“The obstacle for the beginning of accession negotiations especially between the EU and the Former Yugoslav Republic of Macedonia is not the so-called name issue," said Venizelos, who was speaking at the EU-Serbia conference in Brussels on Tuesday (21 January).
"The problem is the acceptance of European values and the fulfillment of the political criteria of Copenhagen,” Venizelos said, adding he was speaking in his “capacity as the president of the Council of the EU,” representing the 28 EU member states.
The Former Yugoslav Republic of Macedonia has been an official EU candidate since 2005 and received a positive recommendation by the European Commission to start accession talks but has failed to actually initial them due to a lack of consensus among the EU member states.
The reasons appear to be deeper, however. The last Council conclusions Commission assessment both expressed serious concerns over the country’s democratic progress. The reports cited blurred distinctions between the party and state, assault on media freedom and lack of independency from the judiciary, leading some EU diplomats to say the country had taken steps “backwards”.
Although the name dispute between Athens and Skopje had undermined relations since 1995, the Former Yugoslav Republic of Macedonia was nonetheless accepted as a fully-fledged member of the United Nations. And unlike for the start of EU talks, Athens did not block the country’s official EU candidate status in 2005.
Opinion is divided over why Greece decided to block the candidate’s EU path as of 2008, but many see the actions of Macedonia's right-wing government coalition of VMRO-DPMNE, which came to power in 2006, as “sheer provocation” towards Greece.
The building of a statue of Alexander the Great in the centre of Skopje, the renaming of roads after the controversial warrior or the use of a map of “Great Macedonia” in presence of the Macedonian premier, Nikola Gruevski, were all considered by Athens as "irredentist claims" over its territory and history.
Serbia as facilitator?
Asked by EurActiv whether Belgrade could act as a facilitator in relations between Macedonia and Greece's dispute now that Serbia was a negotiating country, Ivica Dačić, the Serbian prime minister, said: “You want us to help in that dispute? Don’t involve us in that, please,” Dačić said jokingly in his native Serb.

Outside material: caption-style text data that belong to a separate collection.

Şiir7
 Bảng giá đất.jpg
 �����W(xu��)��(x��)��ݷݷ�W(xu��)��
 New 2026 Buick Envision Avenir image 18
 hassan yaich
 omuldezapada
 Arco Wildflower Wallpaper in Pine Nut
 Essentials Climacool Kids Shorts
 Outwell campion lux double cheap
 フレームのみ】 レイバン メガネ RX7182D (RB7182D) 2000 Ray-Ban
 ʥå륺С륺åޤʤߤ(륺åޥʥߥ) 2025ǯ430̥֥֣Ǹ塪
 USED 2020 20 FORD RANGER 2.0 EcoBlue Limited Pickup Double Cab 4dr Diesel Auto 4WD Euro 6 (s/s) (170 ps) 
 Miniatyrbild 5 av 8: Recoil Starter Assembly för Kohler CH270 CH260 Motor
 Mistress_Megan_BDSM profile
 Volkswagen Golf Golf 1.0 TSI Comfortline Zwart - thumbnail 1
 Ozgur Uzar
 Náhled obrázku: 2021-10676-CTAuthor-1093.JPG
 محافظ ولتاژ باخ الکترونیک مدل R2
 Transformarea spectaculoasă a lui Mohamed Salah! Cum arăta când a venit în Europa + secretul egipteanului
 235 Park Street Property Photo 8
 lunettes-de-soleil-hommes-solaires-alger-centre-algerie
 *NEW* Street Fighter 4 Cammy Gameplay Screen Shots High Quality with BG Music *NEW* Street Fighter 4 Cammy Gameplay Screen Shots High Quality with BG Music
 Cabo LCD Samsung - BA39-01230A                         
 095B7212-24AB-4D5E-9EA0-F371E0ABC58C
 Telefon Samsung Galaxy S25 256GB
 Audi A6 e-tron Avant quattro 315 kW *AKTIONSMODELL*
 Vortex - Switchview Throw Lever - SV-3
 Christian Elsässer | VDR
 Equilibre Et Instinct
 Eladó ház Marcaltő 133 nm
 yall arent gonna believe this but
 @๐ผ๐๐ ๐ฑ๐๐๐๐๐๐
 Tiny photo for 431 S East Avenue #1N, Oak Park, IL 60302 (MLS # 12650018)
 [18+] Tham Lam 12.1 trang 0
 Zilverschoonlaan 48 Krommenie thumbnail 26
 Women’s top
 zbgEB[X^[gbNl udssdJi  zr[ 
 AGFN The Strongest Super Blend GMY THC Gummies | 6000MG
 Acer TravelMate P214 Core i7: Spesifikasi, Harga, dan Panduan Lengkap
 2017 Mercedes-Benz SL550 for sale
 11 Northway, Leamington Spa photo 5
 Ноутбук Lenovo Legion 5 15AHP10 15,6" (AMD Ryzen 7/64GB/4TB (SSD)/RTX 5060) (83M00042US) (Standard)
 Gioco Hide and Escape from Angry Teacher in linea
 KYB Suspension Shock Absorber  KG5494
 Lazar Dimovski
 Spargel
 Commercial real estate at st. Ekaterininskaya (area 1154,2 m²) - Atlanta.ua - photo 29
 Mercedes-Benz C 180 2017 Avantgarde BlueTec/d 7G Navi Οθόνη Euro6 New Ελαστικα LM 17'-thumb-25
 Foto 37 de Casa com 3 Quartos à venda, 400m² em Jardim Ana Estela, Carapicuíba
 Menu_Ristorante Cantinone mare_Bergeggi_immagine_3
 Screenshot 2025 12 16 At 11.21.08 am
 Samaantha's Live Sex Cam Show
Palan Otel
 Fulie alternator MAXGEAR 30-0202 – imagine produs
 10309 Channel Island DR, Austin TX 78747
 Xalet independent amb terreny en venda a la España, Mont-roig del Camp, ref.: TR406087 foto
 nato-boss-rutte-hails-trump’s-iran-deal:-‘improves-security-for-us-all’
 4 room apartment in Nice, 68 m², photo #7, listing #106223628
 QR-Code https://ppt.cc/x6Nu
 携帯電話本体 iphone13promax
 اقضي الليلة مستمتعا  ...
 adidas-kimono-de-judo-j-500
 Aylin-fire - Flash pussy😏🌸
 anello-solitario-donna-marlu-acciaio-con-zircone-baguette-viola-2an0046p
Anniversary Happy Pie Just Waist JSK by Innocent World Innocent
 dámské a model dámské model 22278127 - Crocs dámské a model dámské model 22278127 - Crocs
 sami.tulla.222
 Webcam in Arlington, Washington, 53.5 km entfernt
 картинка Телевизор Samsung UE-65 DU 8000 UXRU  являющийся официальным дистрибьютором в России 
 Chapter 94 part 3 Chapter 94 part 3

“But of course we want an acceptable solution. We have enough of our own problems but I’m pleased you’re asking us to get involved, it shows a change. Earlier nobody would have asked us to help anything, they would just tell us to stay away,” he continued, amusing the Serb-speaking audience and hinting at Serbia’s former status of “pariah state” under Milošević’s regime.
As soon as the translation went back, Dačić said however more seriously that if their “friends and brothers”, pointing at the Greek minister, “ask us to get involved, of course we can offer our good will.”